Type every record exactly as it appears.

── INFORMATION

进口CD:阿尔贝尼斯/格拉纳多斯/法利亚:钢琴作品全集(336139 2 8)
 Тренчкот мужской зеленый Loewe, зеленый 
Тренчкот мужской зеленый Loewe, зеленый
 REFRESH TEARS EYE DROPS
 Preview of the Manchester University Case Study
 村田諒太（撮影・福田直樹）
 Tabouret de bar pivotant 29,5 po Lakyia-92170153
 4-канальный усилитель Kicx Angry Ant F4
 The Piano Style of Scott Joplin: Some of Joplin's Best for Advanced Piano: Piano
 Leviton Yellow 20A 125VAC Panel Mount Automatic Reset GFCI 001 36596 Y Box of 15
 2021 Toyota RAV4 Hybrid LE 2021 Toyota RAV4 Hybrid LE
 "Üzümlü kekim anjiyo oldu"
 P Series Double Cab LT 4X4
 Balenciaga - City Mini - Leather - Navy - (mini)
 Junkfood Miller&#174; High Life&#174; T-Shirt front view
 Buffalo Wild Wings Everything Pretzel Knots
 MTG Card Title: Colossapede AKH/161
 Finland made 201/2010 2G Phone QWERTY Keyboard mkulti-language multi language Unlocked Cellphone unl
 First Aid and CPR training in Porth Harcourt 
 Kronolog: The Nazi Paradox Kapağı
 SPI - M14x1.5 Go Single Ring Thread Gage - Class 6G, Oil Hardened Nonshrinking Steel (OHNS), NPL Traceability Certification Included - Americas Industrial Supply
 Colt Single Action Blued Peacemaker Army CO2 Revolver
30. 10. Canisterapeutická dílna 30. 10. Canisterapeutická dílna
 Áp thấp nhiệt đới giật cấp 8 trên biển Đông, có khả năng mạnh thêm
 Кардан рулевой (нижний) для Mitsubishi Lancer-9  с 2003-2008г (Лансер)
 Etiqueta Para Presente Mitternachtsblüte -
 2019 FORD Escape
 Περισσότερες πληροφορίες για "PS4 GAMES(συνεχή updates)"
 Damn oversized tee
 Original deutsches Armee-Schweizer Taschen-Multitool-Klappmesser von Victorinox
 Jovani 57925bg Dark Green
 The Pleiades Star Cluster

────

* SOLUTION FOR THIS PROBLEM
进口CD:阿尔贝尼斯/格拉纳多斯/法利亚:钢琴作品全集(336139 2 8)
 Тренчкот мужской зеленый Loewe, зеленый 
Тренчкот мужской зеленый Loewe, зеленый
 REFRESH TEARS EYE DROPS
 Preview of the Manchester University Case Study
 村田諒太（撮影・福田直樹）
 Tabouret de bar pivotant 29,5 po Lakyia-92170153
 4-канальный усилитель Kicx Angry Ant F4
 The Piano Style of Scott Joplin: Some of Joplin's Best for Advanced Piano: Piano
 Leviton Yellow 20A 125VAC Panel Mount Automatic Reset GFCI 001 36596 Y Box of 15
 2021 Toyota RAV4 Hybrid LE 2021 Toyota RAV4 Hybrid LE
 "Üzümlü kekim anjiyo oldu"
 P Series Double Cab LT 4X4
 Balenciaga - City Mini - Leather - Navy - (mini)
 Junkfood Miller&#174; High Life&#174; T-Shirt front view
 Buffalo Wild Wings Everything Pretzel Knots
 MTG Card Title: Colossapede AKH/161
 Finland made 201/2010 2G Phone QWERTY Keyboard mkulti-language multi language Unlocked Cellphone unl
 First Aid and CPR training in Porth Harcourt 
 Kronolog: The Nazi Paradox Kapağı
 SPI - M14x1.5 Go Single Ring Thread Gage - Class 6G, Oil Hardened Nonshrinking Steel (OHNS), NPL Traceability Certification Included - Americas Industrial Supply
 Colt Single Action Blued Peacemaker Army CO2 Revolver
30. 10. Canisterapeutická dílna 30. 10. Canisterapeutická dílna
 Áp thấp nhiệt đới giật cấp 8 trên biển Đông, có khả năng mạnh thêm
 Кардан рулевой (нижний) для Mitsubishi Lancer-9  с 2003-2008г (Лансер)
 Etiqueta Para Presente Mitternachtsblüte -
 2019 FORD Escape
 Περισσότερες πληροφορίες για "PS4 GAMES(συνεχή updates)"
 Damn oversized tee
 Original deutsches Armee-Schweizer Taschen-Multitool-Klappmesser von Victorinox
 Jovani 57925bg Dark Green
 The Pleiades Star Cluster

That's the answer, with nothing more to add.